Thursday, October 25, 2007

Techno zombies!

It's been non-stop action for me recently. When we left off, gentle reader I was just coming back from my Chicago trip. I had managed to trade my first three days of oncall to go to training, but now it was time to return to the office and a mountain of work not least of which involved tending to a pager. Thursday was a blur of non-stop go go go from the time I got settled in to the time I went to bed. There is a kind of rhythm to IT calamity; an organic element to technological failure. I'll put it like so avoiding technical jargon: If one thing breaks chances are good at least five people will tell you to fix it. Also, due to the dependency each thing has on another thing when one thing breaks it generally causes a chain reaction of breakage. This creates a notification|work multiplier. The good news is troubleshooting problems is much like slaying zombies: kill the head zombie and they all die. So if you weed out and correct the problem the rest of the world can start moving again. The only issue is that the more things that held dependencies with the core thing that broke means more people will notice the breakage which means more people tell you to fix it and the more people telling you to fix the problem means the more "paperwork" after the fact. It's a nasty cycle. I'm grateful that I actually had a chance to get settled in and check my mail over my coffee and a pop tart prior to the flood gate opening.
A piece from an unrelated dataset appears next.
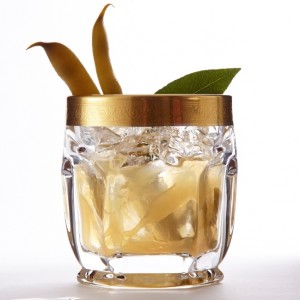 Savoury tequila cocktail with bay leaf and pickled beans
I say paperwork, but there's no such thing as paper based communication for me anymore. All notification and updates are done electronically through a web based ticketing system. Things like web based trouble ticketing systems are touted as helpful tools that management magnamimously offers to their technical staffs as a generous aid in the never-ending struggle of zombie slaying commonly known as troubleshooting. In practice this all looks like a different animal. Something breaks: the oncall engineer receives electronic notification which needs to be acknowledged. The oncall engineer then starts furiously typing an e-mail in a desperate attempt at playing beat the panic. Before the second sentence can be typed out three people run by the oncall engineer’s cubicle explaining something has happened. These people are in turn acknowledged. Then the oncall engineer receives at least one instant message requesting to join a troubleshooting chat room to give updates on the issue. It’s around this time that the oncall engineer’s boss is now in play asking what has happened and when will it be fixed. A page goes off requesting the oncall engineer join a telephone bridge call to give an update.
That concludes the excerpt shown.